C’est dans le prolongement de ce combat qu’une nouvelle initiative syndicale voit le jour l’année suivante : la Chambre Syndicale des Architectes de Belgique (CSAB) qui sera active pendant deux ans.

En 1971 c’est aussi la promulgation de loi Breyne : suite à la faillite retentissante de quelques promoteurs immobiliers, le législateur se soucie de la protection des acquéreurs d'immeubles en cours de construction ou d'appartements sur plan.

Les remises en questions et l’évolution de plus en plus rapide de l’environnement professionnel obligent les architectes à commencer à se préoccuper de la formation continuée et c’est dans cette optique qu’est lancé, en France, le « Groupe pour l'Education Permanente des Architectes » (GEPA) sous les auspices de l'Ordre et de l'UNSFA, dès 1972.

L’information constitue également un enjeu important qui justifie la création, l’année suivante, du « Centre d'Information en Architecture, Urbanisme et Design » (CIAUD) connu surtout en tant qu’éditeur de la revue nouvelle revue A+ soutenue par l’Ordre (ce qui provoquera de nombreuses contestations par la suite) mais dont les ambitions sont au départ beaucoup plus larges puisqu’elles incluent l’organisation d’expositions et de conférences. Il faut cependant se souvenir qu’antérieurement d’autres revues de qualité telles que « La maison » ou « Environnement » étaient diffusées dans le monde des architectes belges.

Une autre initiative à signaler est le lancement de COBATY, sur une idée venant de France. Il s’agit d’une sorte de service-club mais orienté vers le monde de la construction. Le premier Conseil d'administration de ce club, toujours actif aujourd’hui, qui est présidé par Dan Craet (Président), Robert Maskens (Vice-Président) et Jacques Delens (Trésorier) se tiendra le 27 août 1974.

 

De nouveaux soucis pour les enseignants

En 1973, la proposition de loi dite "De Bondt" indique que la rationalisation de l’enseignement de l'architecture commence à agiter le monde parlementaire. Il faut bien dire que cet enseignement, avec ses trois réseaux, ses deux communautés et ses 18 écoles peut étonner un observateur extérieur.

Et cela sans parler de la formation universitaire des ingénieurs-architectes où on assistera encore, en 1978, à la création d’un département Architectuur à la Faculteit Toegepaste Wetenschappen de la VUB.

Nonobstant cet éclatement, les étudiants en architecture (soutenus par leurs enseignants) lancent un an plus tard un mouvement de revendication national pour le passage de leurs études au type long.
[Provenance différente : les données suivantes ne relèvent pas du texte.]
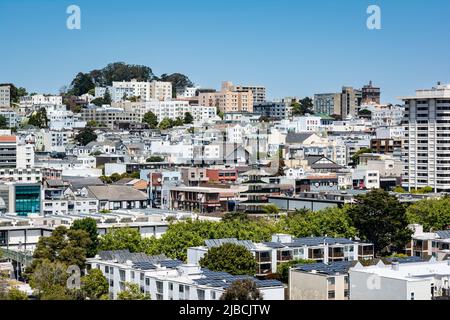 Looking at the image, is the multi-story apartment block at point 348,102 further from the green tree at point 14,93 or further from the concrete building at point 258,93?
the green tree at point 14,93

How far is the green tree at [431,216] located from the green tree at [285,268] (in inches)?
143

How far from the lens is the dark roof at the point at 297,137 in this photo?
27889 millimetres

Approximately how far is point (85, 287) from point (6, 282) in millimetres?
644

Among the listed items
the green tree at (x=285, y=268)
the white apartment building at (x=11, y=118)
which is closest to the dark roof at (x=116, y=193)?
the green tree at (x=285, y=268)

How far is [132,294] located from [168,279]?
1.02ft

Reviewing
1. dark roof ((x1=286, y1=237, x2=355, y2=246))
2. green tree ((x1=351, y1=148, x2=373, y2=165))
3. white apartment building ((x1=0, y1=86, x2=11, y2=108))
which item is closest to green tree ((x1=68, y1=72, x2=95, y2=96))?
white apartment building ((x1=0, y1=86, x2=11, y2=108))

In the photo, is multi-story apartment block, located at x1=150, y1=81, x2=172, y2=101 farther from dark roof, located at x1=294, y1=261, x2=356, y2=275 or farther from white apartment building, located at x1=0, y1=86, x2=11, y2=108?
dark roof, located at x1=294, y1=261, x2=356, y2=275

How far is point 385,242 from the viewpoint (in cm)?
1215

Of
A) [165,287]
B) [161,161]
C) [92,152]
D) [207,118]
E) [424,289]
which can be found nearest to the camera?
[424,289]

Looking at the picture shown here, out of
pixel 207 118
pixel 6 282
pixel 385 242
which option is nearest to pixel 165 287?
pixel 6 282

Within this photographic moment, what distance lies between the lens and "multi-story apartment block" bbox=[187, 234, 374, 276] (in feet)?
33.6

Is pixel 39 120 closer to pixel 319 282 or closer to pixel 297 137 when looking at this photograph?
pixel 297 137

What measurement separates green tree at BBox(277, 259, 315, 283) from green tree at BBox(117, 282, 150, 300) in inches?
61.8

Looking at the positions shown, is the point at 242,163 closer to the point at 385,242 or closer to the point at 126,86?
the point at 385,242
Le président de ce mouvement, malheureusement trop éphémère, est Georges Brutsaert (alors étudiant mais qui deviendra président de l'UPA en 2004).

Ces revendications aboutiront à la loi de 1977 créant les grades de "candidat architecte" et "d'architecte" : l'Architecture passe à l'Enseignement Supérieur Artistique de type long et les écoles deviennent des "Instituts Supérieurs d'Architecture" (ISA) et se séparent donc des autres sections artistiques avec lesquelles elle fonctionnait précédemment.

Cette loi sera naturellement suivie d’une circulaire ministérielle fixant le nouveau programme de l'enseignement de l'architecture.